▸ **Exercise prompt**: Stop at the line containing "Hi guys, welcome": write out every line from the beginning of the entries up to and including it, minus the pictures.

▬▬▬▬▬▬

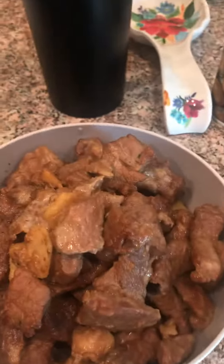Hey everybody, welcome back to Elle's Kitchen. I am doing the rest of the stuff for the pork fried rice.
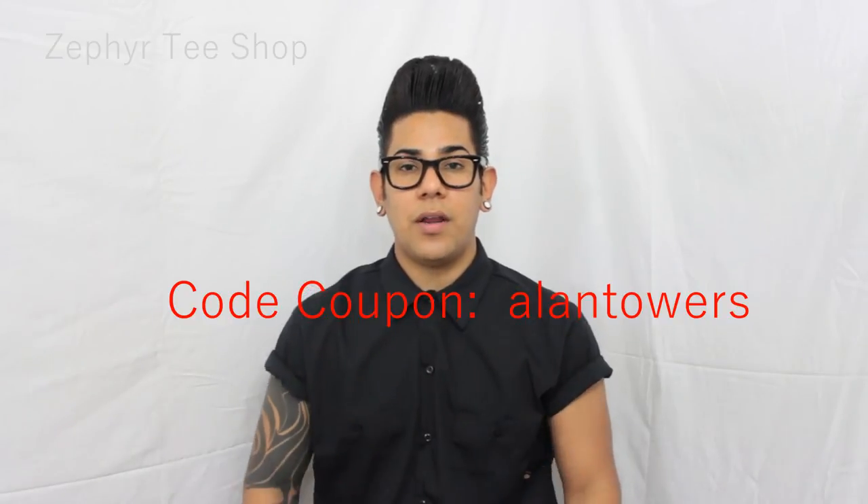Now here's the awesome news: if you go to Zephyr t-shop, you can enter 'Allen Towers' as a coupon code for 10% off. Yes, 10% off — amazing, right? Go check it out and get yourself one.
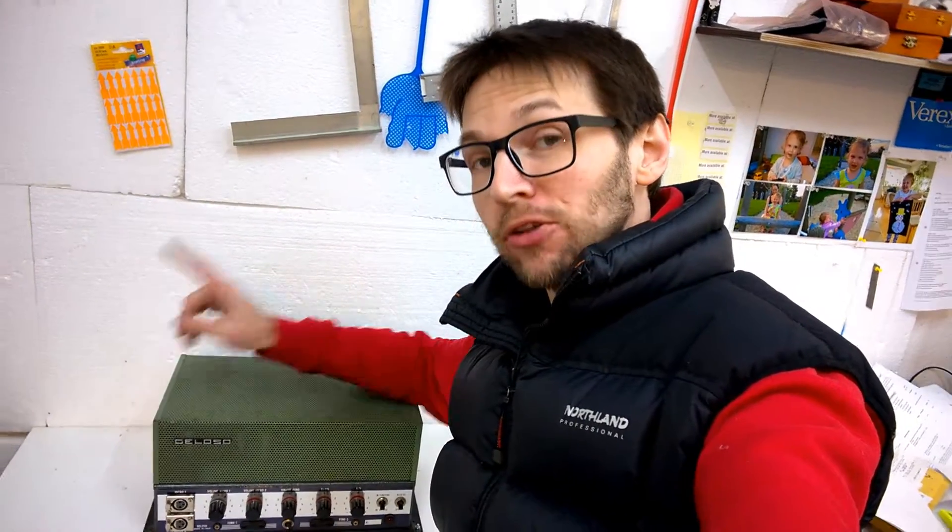Hi guys, welcome back to my channel. Today let's have a very short look at this Celoso.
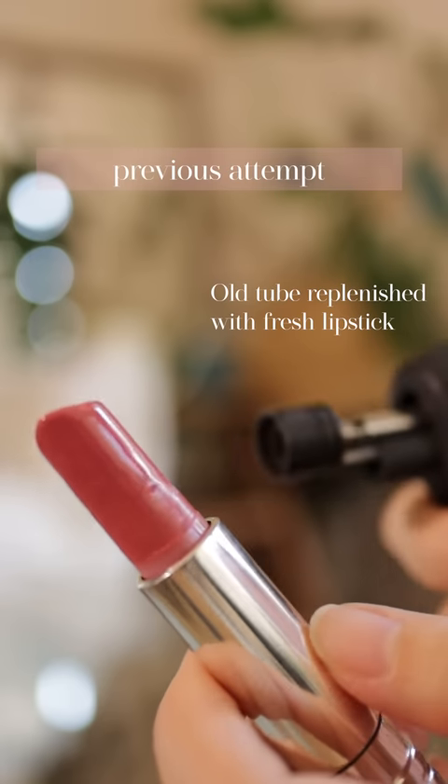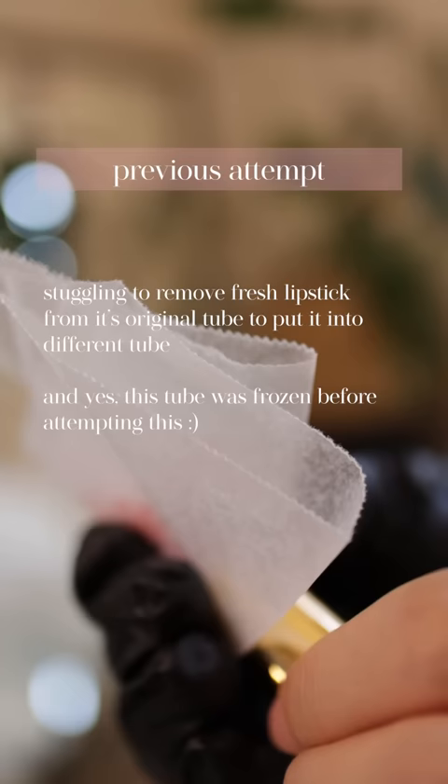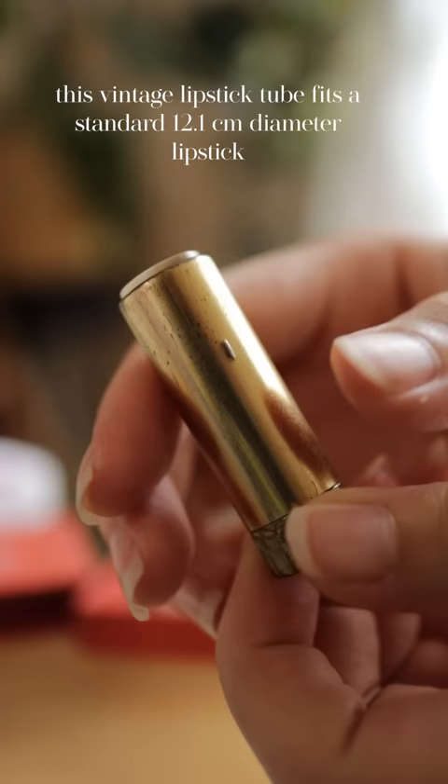Previously, I refilled an old lipstick tube with a fresh lipstick. One of my struggles was removing the fresh lipstick from its original tube. So I wanted to try refilling this vintage tube with a fresh lippy that comes rolled in paper this time.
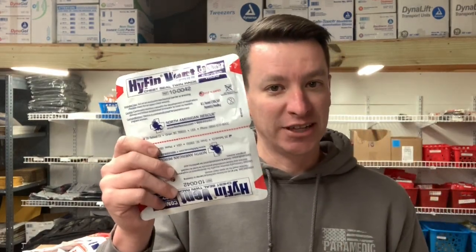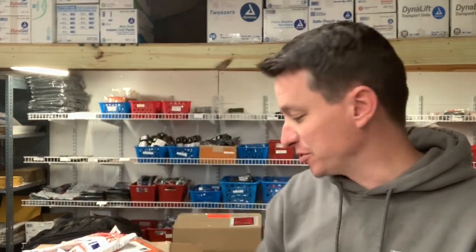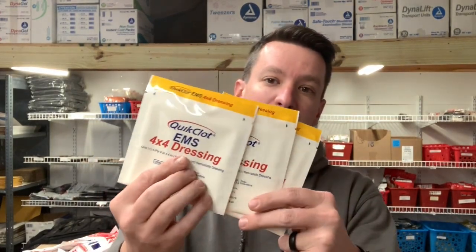Level three adds a few more things. We added the Compact HyFin chest seal — this is a dual pack, a little bit smaller, and these are vented chest seals. Torso, neck to nuts — you put a chest seal on the front and back as well, so you've got four for respiratory. We also put in a pack of three Z-Medica EMS 4x4 dressings — kind of like combat gauze but in a 4x4 format — for minor to moderate bleeding that doesn't need a tourniquet or your $30 pack. Works great for scalp injuries, which bleed really well and can be tough to control. Total retail on this month's box was $103.25.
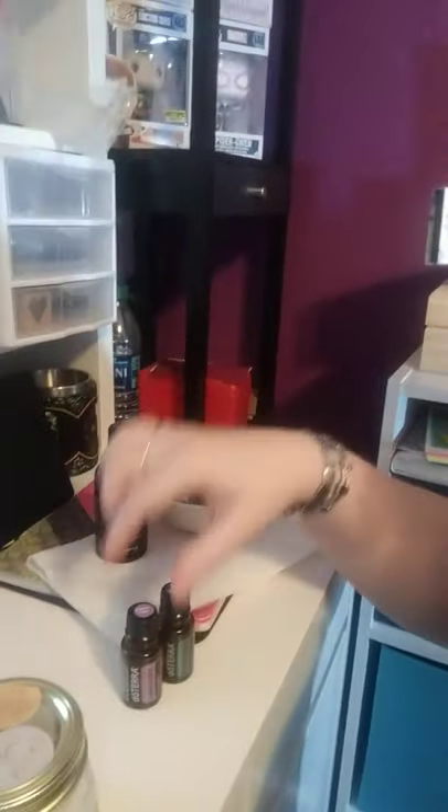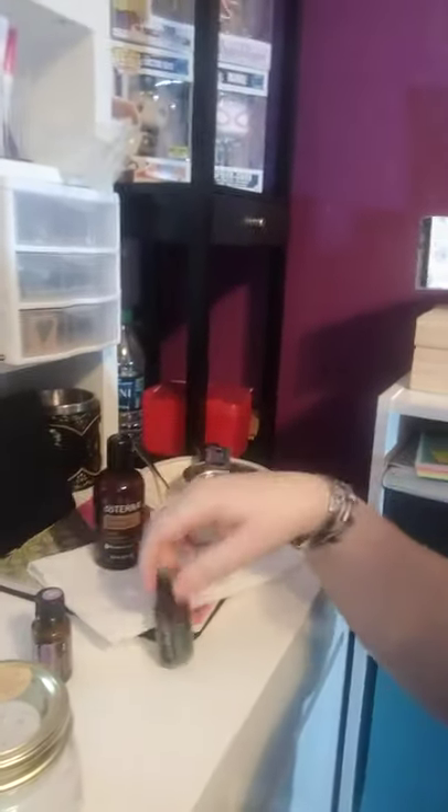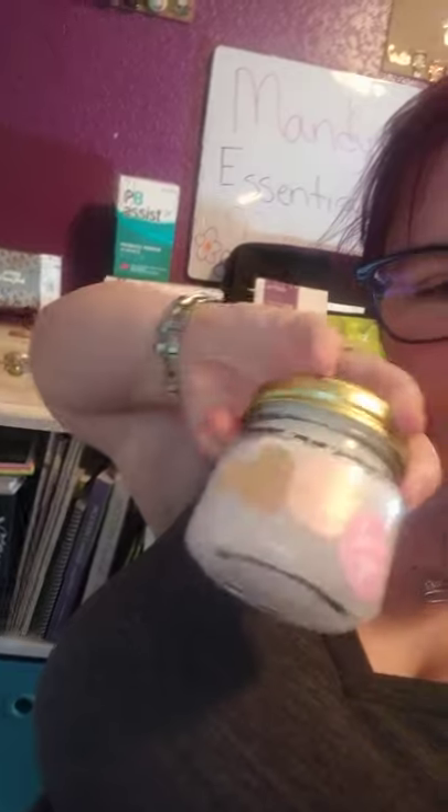Then I decided I wanted to play with eucalyptus, so I made lemon eucalyptus bath salt. This recipe is actually on doTERRA.com — it's fractionated coconut oil, five drops of lavender, and six drops of eucalyptus. You mix it with Epsom salt — just ordinary Epsom salt from Walmart or online — one cup Epsom salt and one fourth cup of coconut oil.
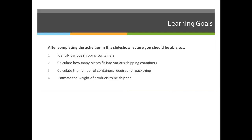Our objectives for today's lecture include identifying various shipping containers, calculating how many pieces of a particular item will fit into a box so we can figure out how many boxes we have to purchase, calculating the number of containers required for packaging, and then estimating the weight of our products that are going to be shipped.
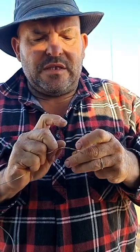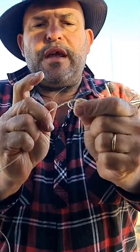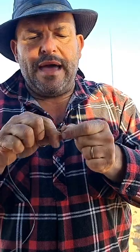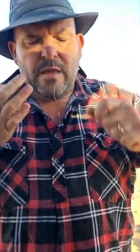Now, the mistake that people make when they tie loop knots — so what you do is you bring that through the granny knot there, bring that back through. The mistake that people make with their loop knots is they'll pull it back towards the loop. Don't do that. Pull it back towards your line.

▬▬▬▬▬▬

▸ **Result below**:
Hey everybody, welcome back to Elle's Kitchen. I am doing the rest of the stuff for the pork fried rice.
Now here's the awesome news: if you go to Zephyr t-shop, you can enter 'Allen Towers' as a coupon code for 10% off. Yes, 10% off — amazing, right? Go check it out and get yourself one.
Hi guys, welcome back to my channel. Today let's have a very short look at this Celoso.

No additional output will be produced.